Another startling discovery for me was that the wheel encoders are not used in rover for velocity estimation but only for position estimates in automatic modes. By then it was getting quite late to work on it and have it tested by the final submission deadline. Randy is currently working on adapting the wheel encoder code so that it is used for velocity control as well.
Together, the issues with the wheel encoders and the velocity controller for the real vehicle turned out to be a total killjoy for me. I was expecting to put up a video of all the modes working, but that will have to wait now.

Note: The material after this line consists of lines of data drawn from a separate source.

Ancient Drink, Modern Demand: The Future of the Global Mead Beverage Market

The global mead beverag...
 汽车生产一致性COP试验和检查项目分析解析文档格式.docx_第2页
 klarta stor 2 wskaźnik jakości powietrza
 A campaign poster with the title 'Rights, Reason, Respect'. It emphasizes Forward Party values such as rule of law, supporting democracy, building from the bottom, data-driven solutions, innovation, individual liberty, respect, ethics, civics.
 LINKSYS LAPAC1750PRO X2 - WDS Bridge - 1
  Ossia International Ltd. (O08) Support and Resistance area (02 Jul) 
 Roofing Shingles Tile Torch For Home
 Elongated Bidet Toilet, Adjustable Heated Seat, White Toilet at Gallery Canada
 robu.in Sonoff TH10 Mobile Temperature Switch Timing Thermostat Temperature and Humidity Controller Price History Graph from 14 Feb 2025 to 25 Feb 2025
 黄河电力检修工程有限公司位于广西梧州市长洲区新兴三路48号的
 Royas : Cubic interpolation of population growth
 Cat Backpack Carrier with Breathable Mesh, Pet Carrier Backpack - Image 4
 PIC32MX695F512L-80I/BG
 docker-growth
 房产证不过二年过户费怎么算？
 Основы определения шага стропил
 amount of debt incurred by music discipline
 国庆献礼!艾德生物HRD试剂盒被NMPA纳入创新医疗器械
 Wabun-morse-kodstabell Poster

There is still good news though
Though we were unable to test all the modes on the real vehicle, the simulator tests confidently tell us that all of our code is in order. The wheel encoder support is actually a minor issue in the big picture and i have full confidence that in a week or two, we will be seeing the balance bot running all modes successfully.
Even better, Randy managed to do an outdoor test of the Balance Bot in manual mode. He made a clever addition of a feed forward term in the balancing controller PID, based on the wheel encoder reading. This actually enhanced the stability in Manual Mode. Here is the video of his test:
Balance Bot Documentation
The documentation for running balance bots is up and you can find it here:http://ardupilot.org/rover/docs/balance_bot-home.html.
- Implement wheel encoder based velocity control
- Test out all modes on the “actual” balance bot
- PID works fine, but the LQR controller is what is more widely used for balance bots
These last three months of work with Ardupilot has been a very great time for me. Right from learning new things every other day to working with some of the brightest minds I have ever seen, the experience was unparalleled. @tridge and @peterbarker have been very helpful and considerate as mentors and I really could not ask for better. Special thanks to @rmackay9 and @jschall for all the help and advice. Though officially my GSoC work with Ardupilot is over, I really look forward to continue working with this team and taking the Balance Bot project even further.